B2B Marketing Confidential is published by a twenty-year veteran of B2B Marketing who has worked with over 20 Fortune 500 companies. It aims to provide an unfiltered view of the craft from the perspective of a doer, as well as aggregating and analyzing major news from across the B2B marketing landscape.
Monday, November 27, 2006
Ways Around Click Fraud?
I've talked to a bunch of online marketers about where this is headed, and I've heard some really interesting ideas (one of which is mentioned in the Economist article.)
1. Begin tying pay-per-click back to some more concrete pipeline metric. The problem with comping search vendors on clicks is akin to compensating B2B marketers on leads (with no strings attached.) Smart B2B marketers demand to be measured further up the pipeline--for example to qualified leads or even to closed deals. The added credibility of "real revenue" far outweighs the potential for "the incompetence of the sales force" or other such drivel. Marketers / search engines should start thinking of ways to pay little for clicks and a lot more for qualified leads or even wins. This takes better systems, sure--but Google should have no problem with this. Witness the ease with which they've been able to get people signed up for Adsense!

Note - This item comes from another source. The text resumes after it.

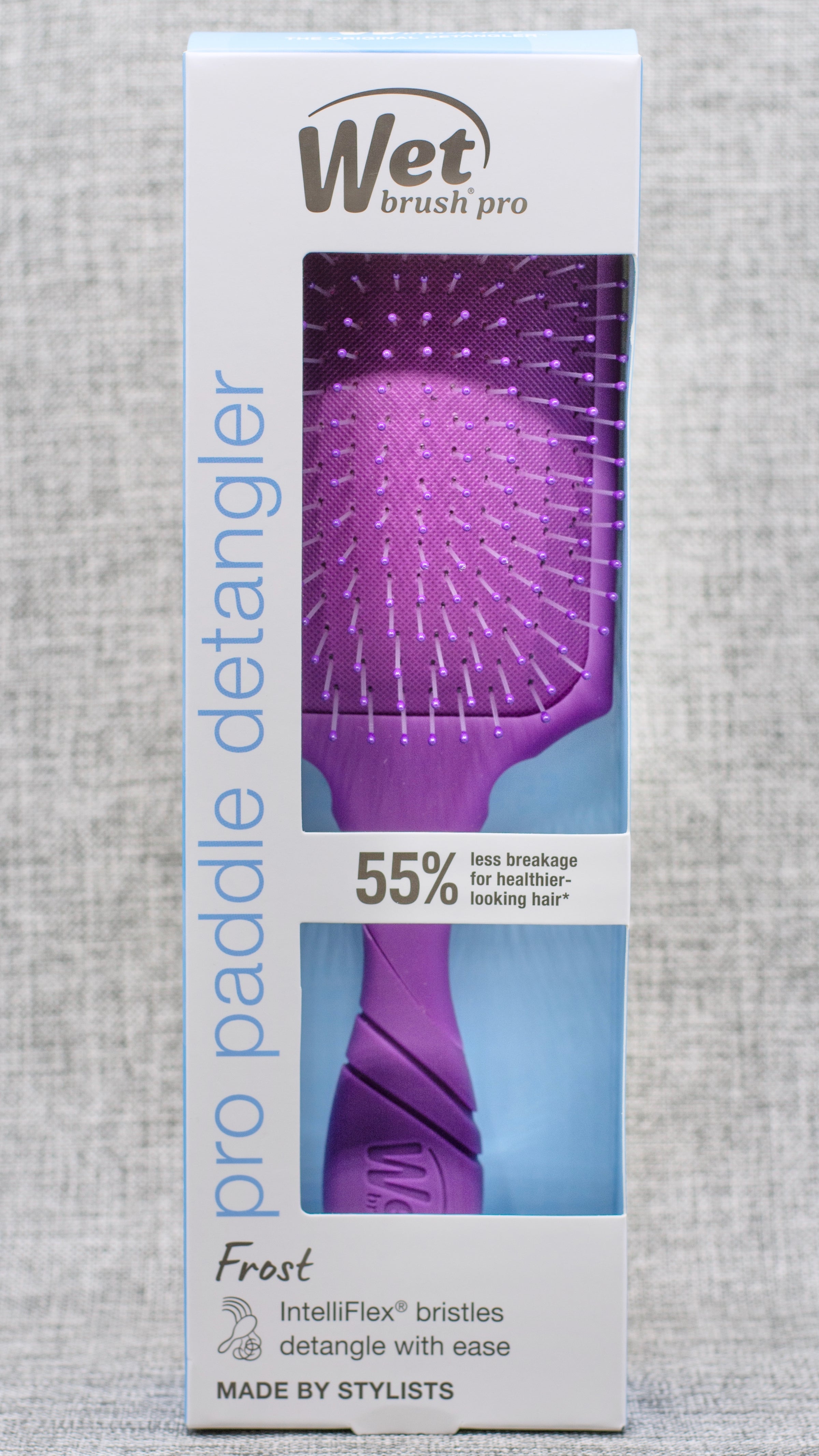 Wet Brush Tools Purple Wet Brush Pro Paddle Detangler Brush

2. Begin thinking about impressions as well as clicks because of the attitudinal component. Google could get around the clicks issue largely by starting to look at unique served impressions across some segmentation--the idea that Google isn't just in the business of filling the pipe but also in the business of changing impressions. Even if someone doesn't click on it, if Oracle comes up everytime someone does a database search, that's gotta have an effect on attitudes (if anyone knows of research showing this, we'd love to hear about it.) This gets around click fraud because Google could start looking at research-driven test / controls--essentially changing the game.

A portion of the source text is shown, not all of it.